A pointwise bound of the form $M_\varphi f\lesssim M(M_\psi f)$ would not suffice: the Hardy--Littlewood maximal operator $M$ is only weak-$(1,1)$, so applying $M$ to $M_\psi f \in L^1$ does not in general return an $L^1$ function.

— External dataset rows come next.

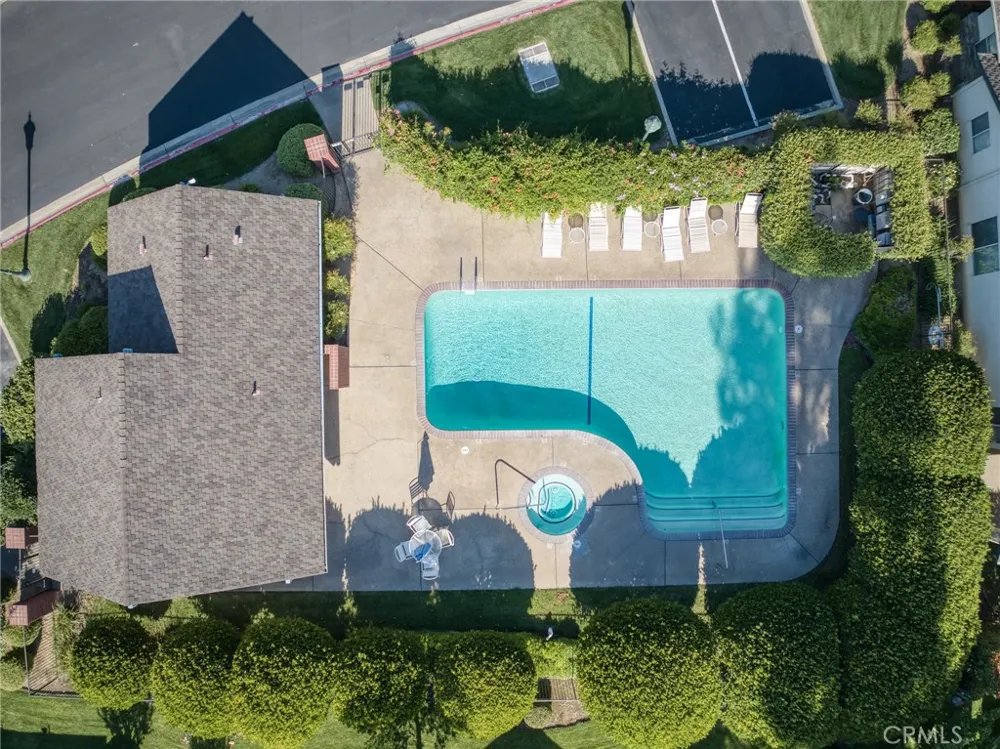 2997 W Silverhill Fresno, CA 93711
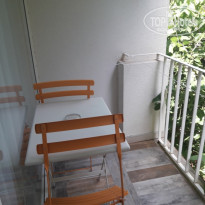 фото из отзыва ID 2004602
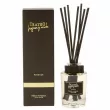 Teatro Fragranze Uniche Dolce Vaniglia Aroma Diffuser �������������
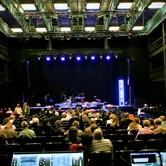 KUBA BADACH (ŁÓDŹ) 2025-04-04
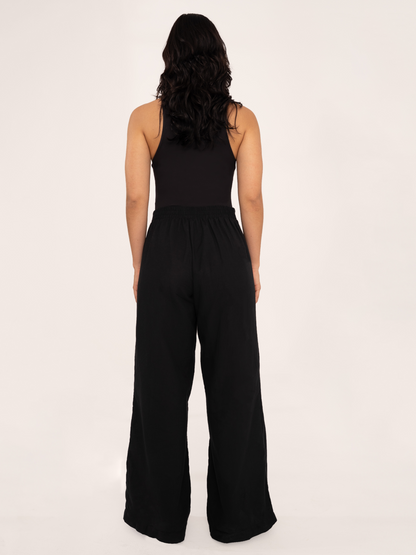 Pantalon Sylvie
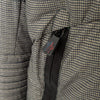 Secondhand Moncler Padded Ski Jacket - '20s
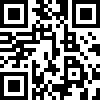 https://ur.abna24.com/x4y5J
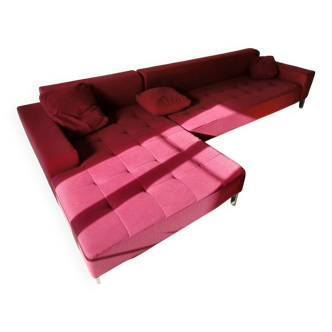 Zanotta sofa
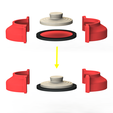 vase-with-lid_4.png candle holder with lid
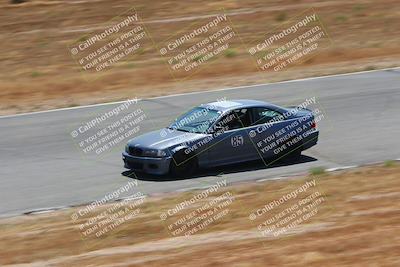 media/May-20-2023-Nasa (Sat) [[10d3e13866]]/HPDE 3-4/Session 2 Outside Turn 6/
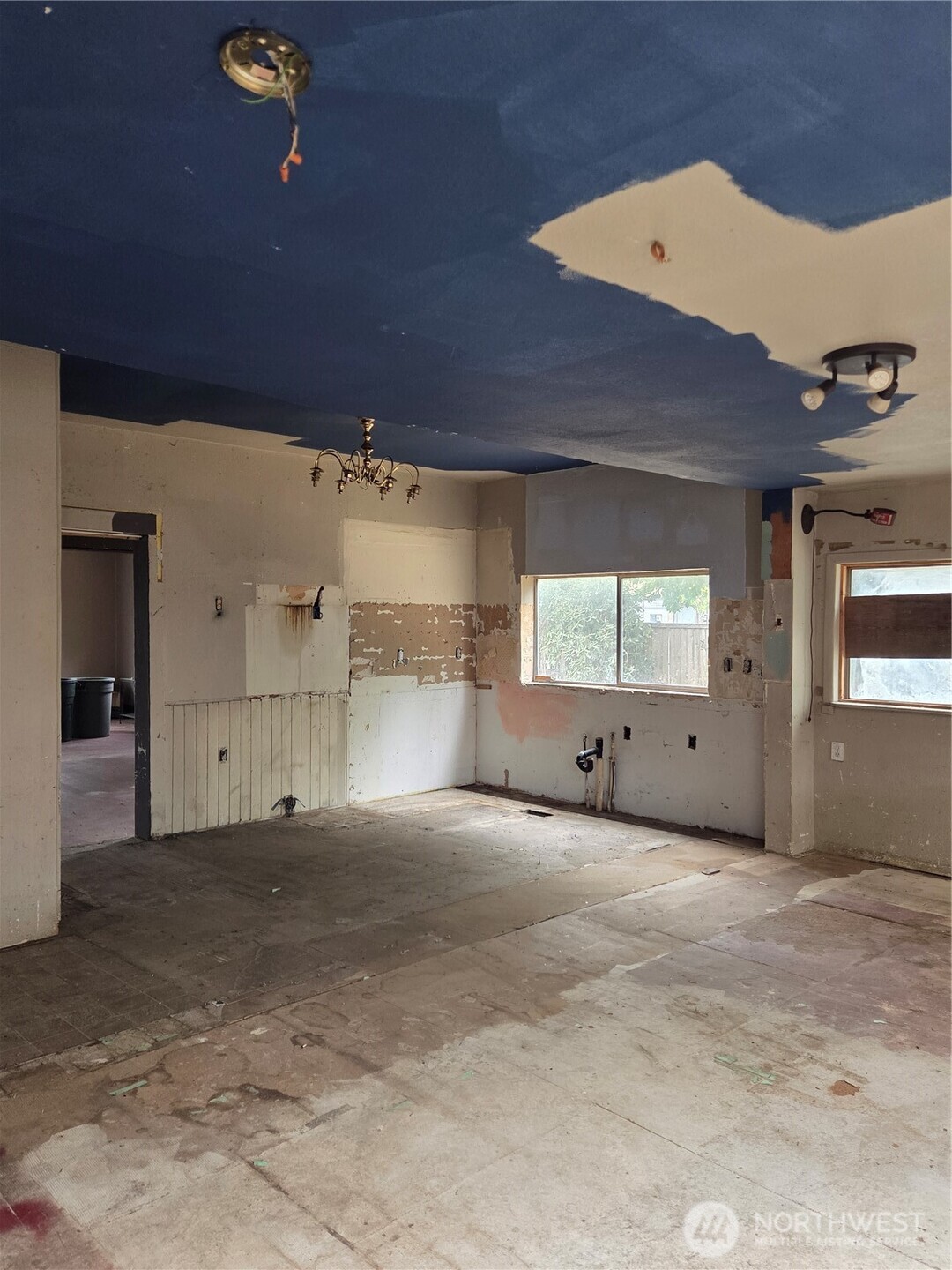 111 Calistoga Street Property Photo 25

The pointwise inequality $(\ast)$ — without an intervening Hardy--Littlewood maximal operator — is therefore the right target.
[/step]
[step:Set up the Littlewood--Paley decomposition $\{\Psi_k\}$]

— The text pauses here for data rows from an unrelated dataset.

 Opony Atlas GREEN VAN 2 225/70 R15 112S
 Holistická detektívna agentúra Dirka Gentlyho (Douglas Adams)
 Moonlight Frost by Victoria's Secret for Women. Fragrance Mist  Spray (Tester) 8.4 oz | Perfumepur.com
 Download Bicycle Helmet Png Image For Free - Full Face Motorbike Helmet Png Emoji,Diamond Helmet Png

Choose a radial smooth function $\Psi\in C_c^\infty(\mathbb{R}^n)$ with $\Psi\equiv 1$ on $\{|\xi|\le 1\}$, $\operatorname{supp}\Psi\subseteq\{|\xi|\le 2\}$, $0\le\Psi\le 1$. Define the dyadic cutoffs
\begin{align*}
\Psi_k:\mathbb{R}^n &\to[0,1] \\
\xi &\mapsto\Psi(2^{-k}\xi) - \Psi(2^{-(k-1)}\xi),\qquad k\in\mathbb{Z}.
\end{align*}
Each $\Psi_k$ is supported in the dyadic annulus $A_k := \{2^{k-1}\le|\xi|\le 2^{k+1}\}$. The partition-of-unity property
\begin{align*}
\sum_{k\in\mathbb{Z}}\Psi_k(\xi) = 1\qquad \text{for every } \xi\in\mathbb{R}^n_0
\end{align*}
holds because the sum telescopes: $\sum_{k=-N}^M \Psi_k(\xi) = \Psi(2^{-M}\xi) - \Psi(2^{N+1}\xi)\to 1 - 0 = 1$ as $M\to+\infty,\,N\to+\infty$ for any fixed $\xi\ne 0$.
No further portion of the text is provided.